The following example illustrates RocVA reconnect attempts:Sep 24 07:07:21 drva-live DRVA[1054]: JSS:NETWORKING:accept_connection(190): Accepted socket 35 at 4#10.245.24.81:35364
Sep 24 07:07:21 drva-live DRVA[1054]: JSS:REPLICATION:FioValidateAuth(1125): Authenticated socket 35 ctx 0x7fe1d4000df0 group 3cc|800000001
Sep 24 07:07:21 drva-live DRVA[1054]: JSS:PLATFORM:FioReplicationLogOpenSection(1740): invoking connector->openSection, connector = 0x7fe1ac002dc0
Sep 24 07:07:21 drva-live DRVA[1054]: JSS:PLATFORM:FioReplicationLogOpenSection(1749): connector->openSection 0
Sep 24 07:07:21 drva-live DRVA[1054]: JSS:OC:deployOcReplicationChannel(221): Rejected deployment of OC channel for UUID 0000000400000000f6f32fe098c53b00 due to existence of entry 37 with same UUID.
Sep 24 07:07:21 drva-live DRVA[1054]: JSS:OC:FioOpenOcChannelForRecovery(1396): Failed to deploy channel 0000000400000000f6f32fe098c53b00 for GC database recovery
Sep 24 07:07:21 drva-live DRVA[1054]: JSS:REPLICATION:FioApplianceCmdOpenGCMetadataLog(972): Failed to open OC channel 0000000400000000f6f32fe098c53b00 for recovery
Example
The following example illustrates the recovery site MSA initiating cessation of the recovery process and then addressing the event by expanding/adding the disk of the corresponding RVM, or creating a new RVM for the newly protected VM. After that, it resumes the recovery state of the domain.
2023-11-02 08:10:15,509 INFO [Thread-31] (CleanupCFOProtectionStoppedVMsTask:179) |taskId=410053f1-7957-11ee-ae35-005056891e25|4-Hours-Domain02| Cleaning up RVM for protection stopped VM. pvmId=542a0901-7259-11ed-951c-005056907ae3, vm=DCWS1004
2023-11-02 08:10:25,276 DEBUG [Thread-73] (TopologyCollectionTask:4823) Removing objects: VirtualMachine:vm-4450
2023-11-02 08:10:25,278 DEBUG [Thread-73] (TopologyCollectionTask:4940) Removed vm object: VmKey [vmUuid=50099923-51d7-3446-4544-9f6945874b16, vcenterUuid=738adc85-10b9-49cd-a349-6babb0042823]
2023-11-02 08:10:25,697 INFO [Thread-54] (TopologyCollectionTask:1809) Removing VM from cache. vmName=jss-rvm-DCWS1004-1464
2023-11-02 08:10:25,700 DEBUG [Thread-54] (TopologyCollectionTask:1667) Removing the VM from Host->VM cache. VmKey [vmUuid=50099923-51d7-3446-4544-9f6945874b16, vcenterUuid=738adc85-10b9-49cd-a349-6babb0042823]
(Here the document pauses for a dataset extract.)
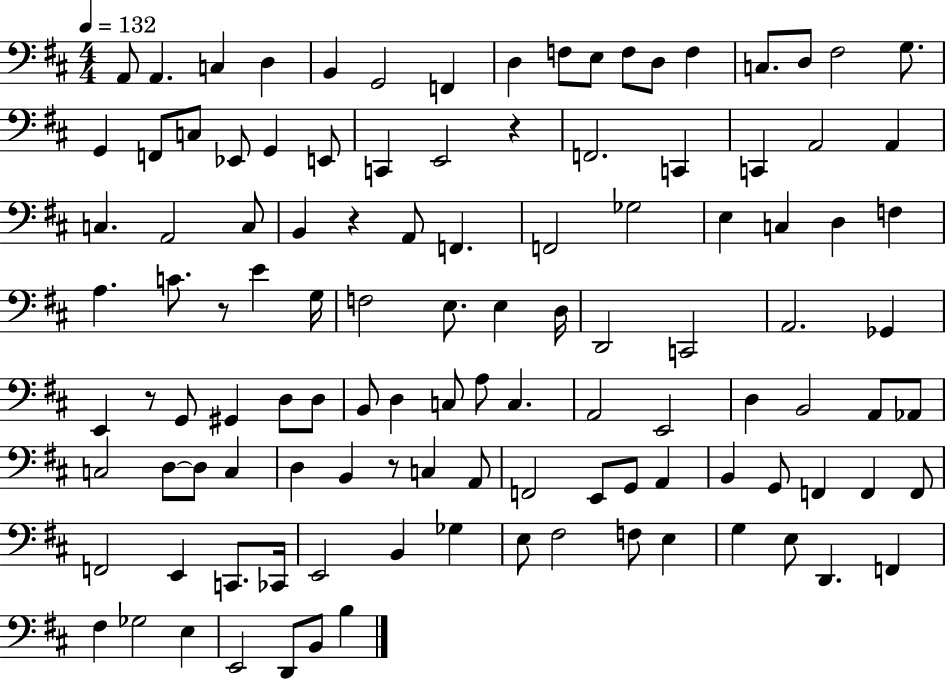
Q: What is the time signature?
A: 4/4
2023-11-02 08:10:30,361 DEBUG [Thread-31] (CleanupCFOProtectionStoppedVMsTask:231) |taskId=410053f1-7957-11ee-ae35-005056891e25|4-Hours-Domain02| Stopping recovery on ROCVA. rocvaIp=10.245.24.246
2023-11-02 08:10:30,925 INFO [Thread-31] (CleanupCFOProtectionStoppedVMsTask:253) |taskId=410053f1-7957-11ee-ae35-005056891e25|4-Hours-Domain02| Task cleanup for CleanupCFOProtectionStoppedVMsTask
2023-11-02 08:10:34,300 DEBUG [Thread-24] (ResolveRecoveryIssueTask:202) |4c387d62-7957-11ee-ae35-005056891e25|4-Hours-Domain02|initial| Initialize ResolveRecoveryIssueTask
2023-11-02 08:10:34,303 DEBUG [Thread-24] (ResolveRecoveryIssueTask:211) |4c387d62-7957-11ee-ae35-005056891e25|4-Hours-Domain02|initial| ResolveRecoveryIssueTask is ready now.
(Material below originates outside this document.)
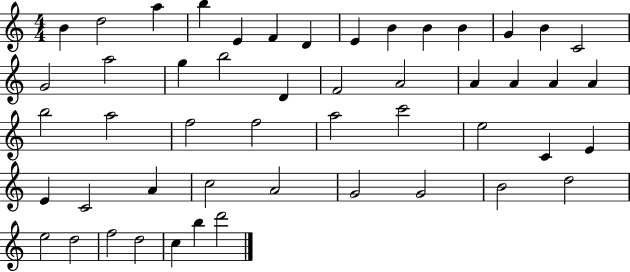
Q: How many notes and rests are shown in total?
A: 50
Upon resuming recovery, the MSA log reports:
2023-11-02 08:14:06,000 INFO [Thread-23] (ResolveRecoveryIssueTask:265) |4c387d62-7957-11ee-ae35-005056891e25|4-Hours-Domain02|checkAndResolveRocvaIssue| Recovery status is already running. No action needed. status=RUNNING
Solution
- Resolve any underlying network issues, then re-check the status of the domain.
- Perform a hard reboot of the DRVA VM associated with the CFO domain experiencing problems.
- If the problem persists, reboot the RocVA VM associated with the CFO domain experiencing problems.